I think what appealed to me as a lad was the size and fun and ease of building. I really liked the DVII but only I think because of colour schemes. My grandfather scaled up the plans for a 40 sized version of the Nieuport or me too.

I think from the mid or late 70s radio was smaller lighter and more reliable and 20 size engines prolific that models could fit in cars assembled and rigged and size was also convenient for the magazines of the era.

The look back I find good as you have not seen many plans for rc helicopters, but then Dave Nieman and Len Mount were synonymous with helicopters in the day.

Former Member17/07/2019 23:31:24
3577 forum posts

[This posting has been removed]

Cuban818/07/2019 09:12:19
2997 forum posts
1 photos

Interesting to be reminded about how popular gliding, both on the flat and slope was back then. I remember entering BARCS competitions with maybe a hundred pilots at that time or perhaps a year or two later. Still going now to some extent and I recognise names that are still on the circuit from that time. Open glider was hugely popular, mainly I think, because at that time even with a resonably low tech glider and given a modicom of ability and a dose of luck, one could do well and even beat the big names once in a while.

For me, the fun went out of it when things got far too serious, big bucks were being spent by the 'pot hunters' on exotic foreign airframes and the general atmosphere of those once laid-back days out, become far too intense for many of us. I met up with one of my old gliding buddies from the 80s a while back, he was still very active in the competition world and showed me his latest machine...........a £2500 all moulded , carbon, kevlar and goodness knows what else creation from an eastern European manufacturer. Highly specialised and very efficient, but not my cup of tea.

Nothing wrong with being highly competitive of course, that's the way the breed improves and a lot of our modern gear and techniques have been directly developed from various specialist areas of aeromodelling. I recall when glass cloth and epoxy finishing was regarded as highly complex and only for the experts - nothing special at all now.

The electric stuff in the advert made me laugh. They were really hopeless and they must have had their fingers firmly crossed when writing the advertising claims.
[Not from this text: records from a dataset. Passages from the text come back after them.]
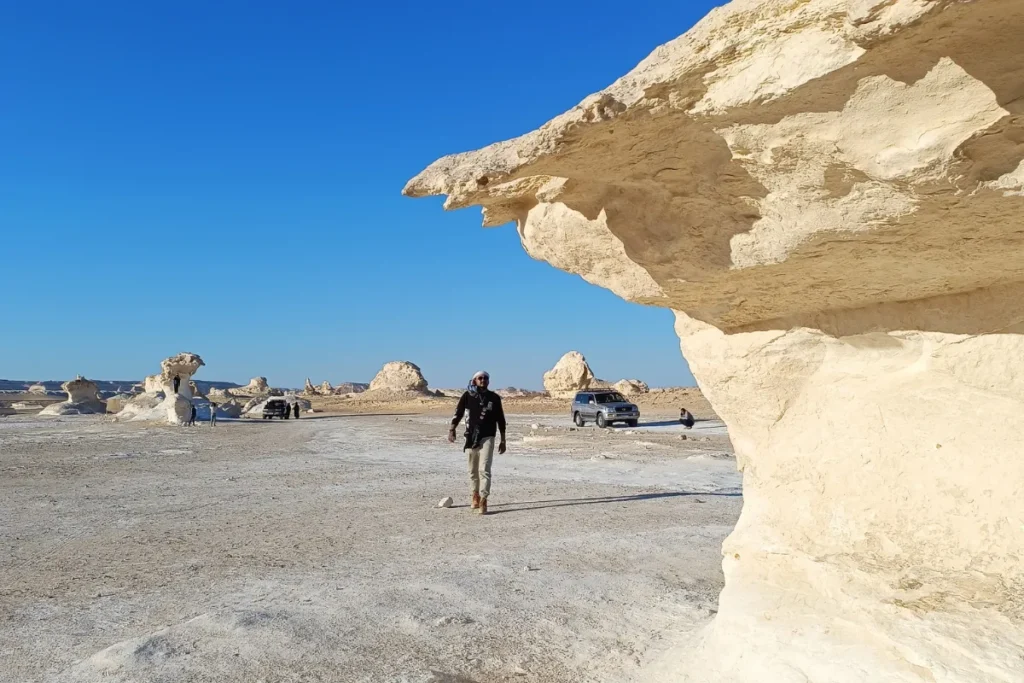 Akash walking past a striking, overhanging white chalk rock formation in a desolate desert landscape.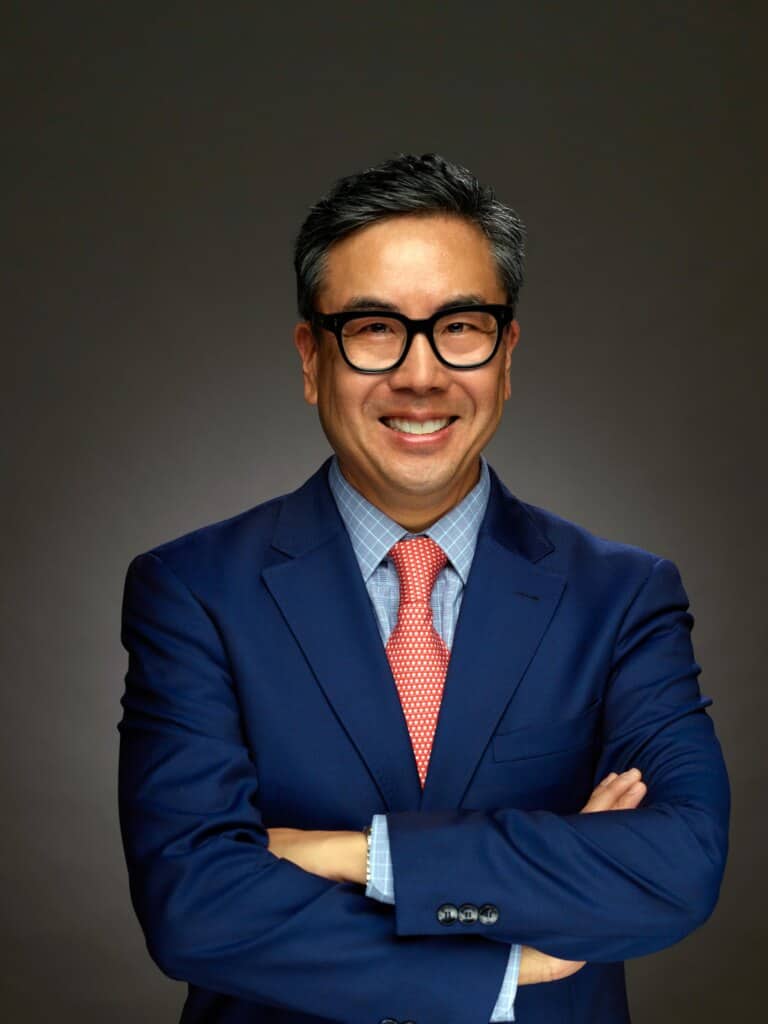 Confident professional man in formal suit with glasses smiling, arms crossed.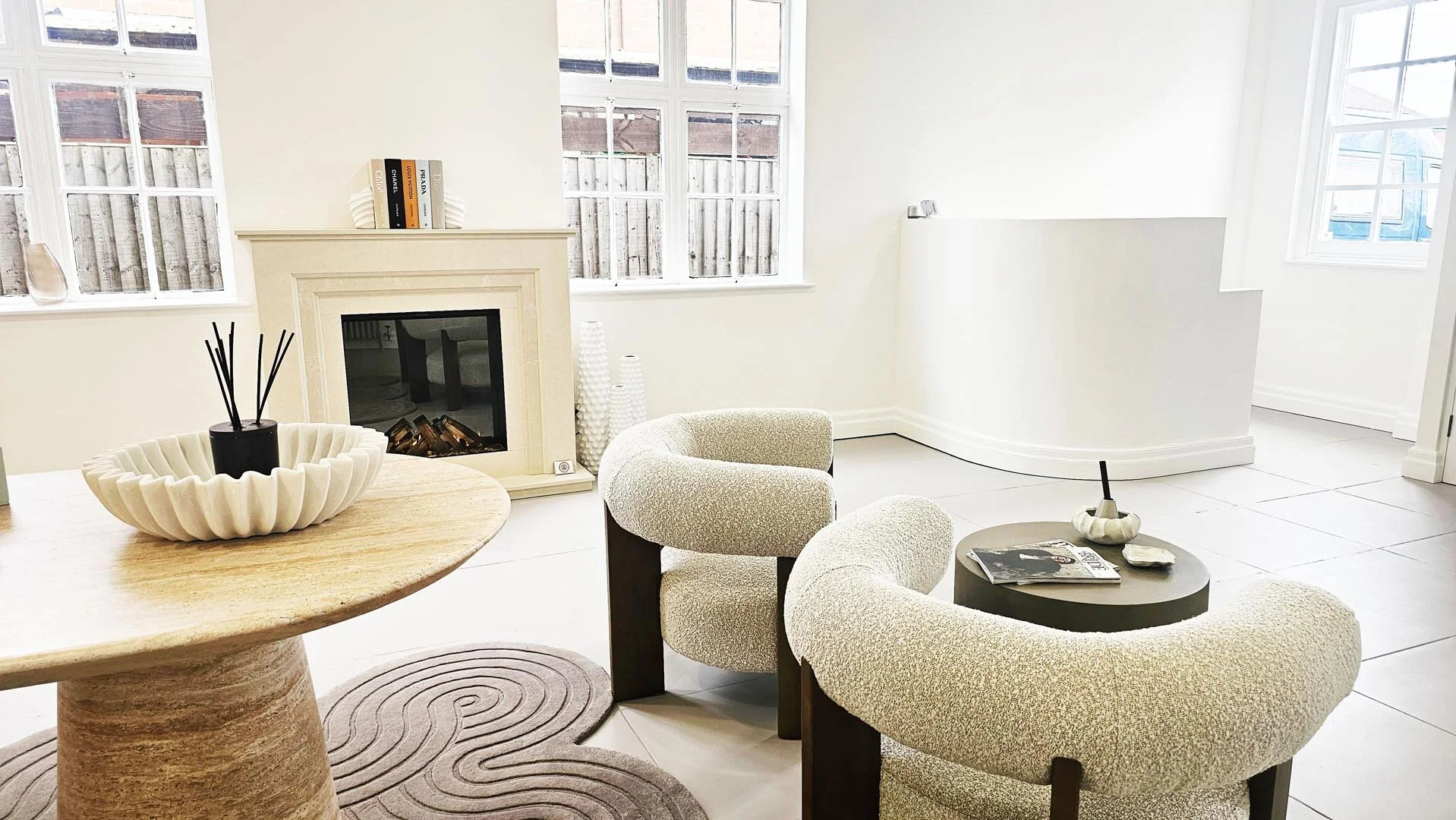 Living room with white walls, fireplace, two beige armchairs, and a round black coffee table with magazines and a decorative item. Large windows with white frames.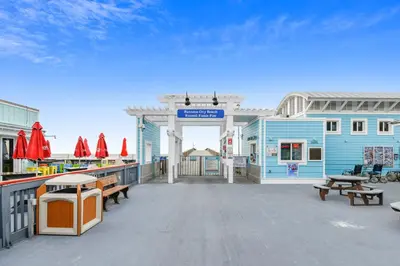 a large deck with benches and a blue building at Commodore Resort #703 by Book That Condo in Panama City Beach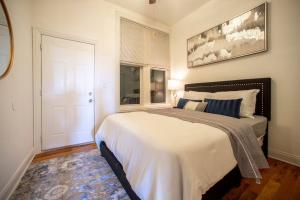a bedroom with a large bed and a window at Getaway in the Heart of Pilsen Chicago in Chicago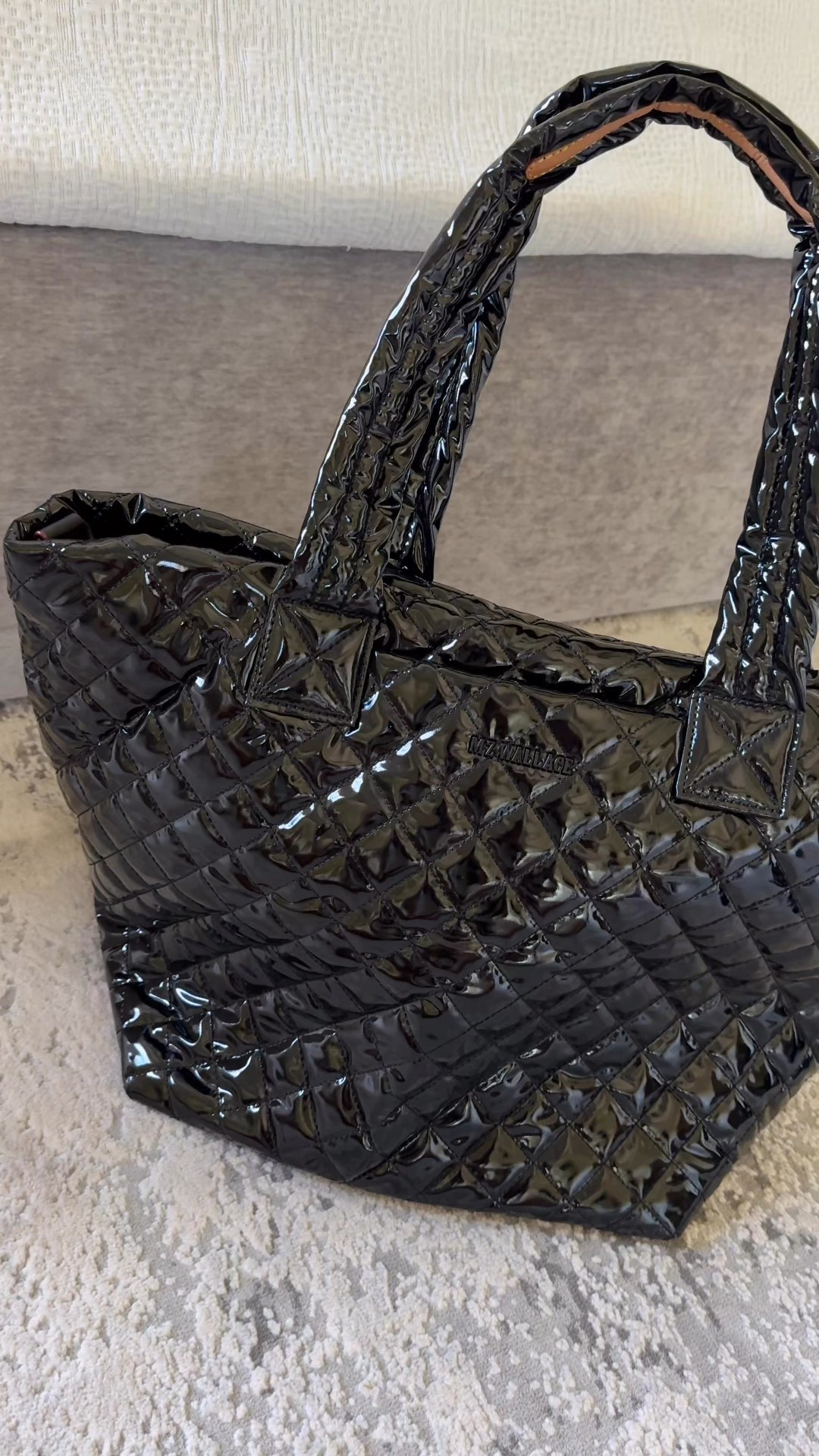 Black lacquer bags are back!  This is a popular design and available in new bag styles. 
This tote bag is one of my most used travel bags for the last 3-4 years. 
Linking similar pouches, makeup bags, in this finish. 
This exact bucket bag drawstring bag is not available, but newer styles with the black lacquer and gold combo which looks so luxe and chic  Linking new bags with gold details. 

#LTKTravel #LTKItBag #LTKOver40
OK for a powered glider of around two metres or so (Balsa Cabin Sonata E was a good model, still going today but without the widened fuselage of the original to to take the half house brick of a nicad crying)

Edited By Cuban8 on 18/07/2019 09:41:20

Peter Christy18/07/2019 09:31:01
1839 forum posts

That's true of any form of competition, C8! I remember the early helicopter events where if you could take-off, fly a circuit and land in the same field, you stood a chance of winning! (My flying is still a bit like that! wink )

Nowadays, a contest machine with all the radio gear, batteries, chargers etc runs to a thousand or two!

No wonder competition flying is dying....

--

Pete

Cuban818/07/2019 09:54:41
2997 forum posts
1 photos
Posted by Peter Christy on 18/07/2019 09:31:01:

That's true of any form of competition, C8! I remember the early helicopter events where if you could take-off, fly a circuit and land in the same field, you stood a chance of winning! (My flying is still a bit like that! wink )

Nowadays, a contest machine with all the radio gear, batteries, chargers etc runs to a thousand or two!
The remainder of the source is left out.